I think you should be honest and say you realize she needs someone but you aren’t qualified to be the one that can help her. I’d also add that because of your past some of your discussions can be triggering for you. If she is a friend she will understand. You cannot fix everyone but u can prevent yourself from backsliding after all the progress you’ve made. Some people are extremely draining and they also revel in the misery they’re experiencing. I’m not saying that is your friend but I have experienced this and had to cut myself off from someone that was that way. Also whatever your friend does will not be because of you. It will be her choice.

hypercat54 profile image
hypercat54

I agree with Irishisme. I think its admirable you are helping her like this so well done to you.

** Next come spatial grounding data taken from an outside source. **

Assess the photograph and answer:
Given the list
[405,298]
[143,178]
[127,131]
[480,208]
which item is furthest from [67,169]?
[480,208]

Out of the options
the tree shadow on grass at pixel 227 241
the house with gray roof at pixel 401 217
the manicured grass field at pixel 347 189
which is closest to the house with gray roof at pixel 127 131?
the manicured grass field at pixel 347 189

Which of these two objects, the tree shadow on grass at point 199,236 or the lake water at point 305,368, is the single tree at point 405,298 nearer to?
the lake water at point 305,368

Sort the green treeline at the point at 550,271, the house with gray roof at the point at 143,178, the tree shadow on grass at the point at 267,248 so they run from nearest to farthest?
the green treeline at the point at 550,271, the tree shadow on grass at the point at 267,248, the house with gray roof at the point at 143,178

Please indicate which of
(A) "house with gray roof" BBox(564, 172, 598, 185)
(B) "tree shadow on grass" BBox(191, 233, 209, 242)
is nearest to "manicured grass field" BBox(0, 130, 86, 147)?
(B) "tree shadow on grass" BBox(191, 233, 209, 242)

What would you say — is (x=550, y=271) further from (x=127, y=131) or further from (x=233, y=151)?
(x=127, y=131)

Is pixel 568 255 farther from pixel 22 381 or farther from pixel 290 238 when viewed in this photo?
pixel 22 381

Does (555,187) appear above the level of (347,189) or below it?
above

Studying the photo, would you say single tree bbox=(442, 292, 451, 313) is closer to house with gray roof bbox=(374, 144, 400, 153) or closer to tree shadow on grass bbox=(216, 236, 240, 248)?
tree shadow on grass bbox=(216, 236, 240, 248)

However you must never let anyone drag you down past your breaking point, no matter who they are or how much you care. You would be no good to anyone least of all yourself if you do.

I would tell her that you are going to have to bow out. You could make it a condition though that unless she starts taking her meds and/or goes to therapy then there is nothing you can do. She has to help herself too.

Good luck.

bxgirlmom profile image
bxgirlmom

I’m currently on a “break” from certain family/friends that I felt were draining to me. I’m a huge believer in humans transferring energy upon another. She only wants to talk to you about her problems/issues, ok fine, but after she’s done dumping on you does she say “Ok enough about me , how are you?”

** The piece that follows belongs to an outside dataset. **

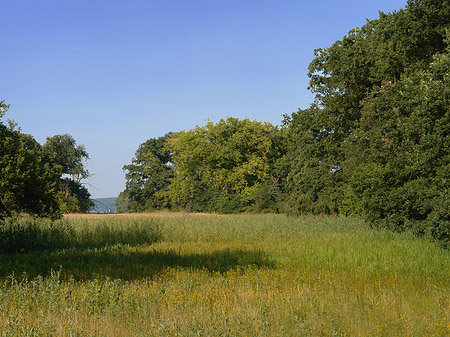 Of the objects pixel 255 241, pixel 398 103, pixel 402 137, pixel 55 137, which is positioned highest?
pixel 55 137

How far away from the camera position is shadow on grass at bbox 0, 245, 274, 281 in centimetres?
1168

If not, then it may not be in your best interest to be engaged too frequently. I noticed a lot of ppl in my life always want to come to me because I’m such a “good listener” or I’m the “reliable friend” but when I had a breakdown 2 weeks ago everyone was so shocked. They didn’t know I was struggling so badly and never bothered to ask.

That’s my experience; but just saying protect your peace and energy !! It’s ok to put up boundaries. xo

Midori profile image
Midori

Tell her to come here for help if she doesn't want to go the regular way. It would probably help to ease the strain on you. You can remain anonymous. You don't have to reply to her here, unless she knows your user name.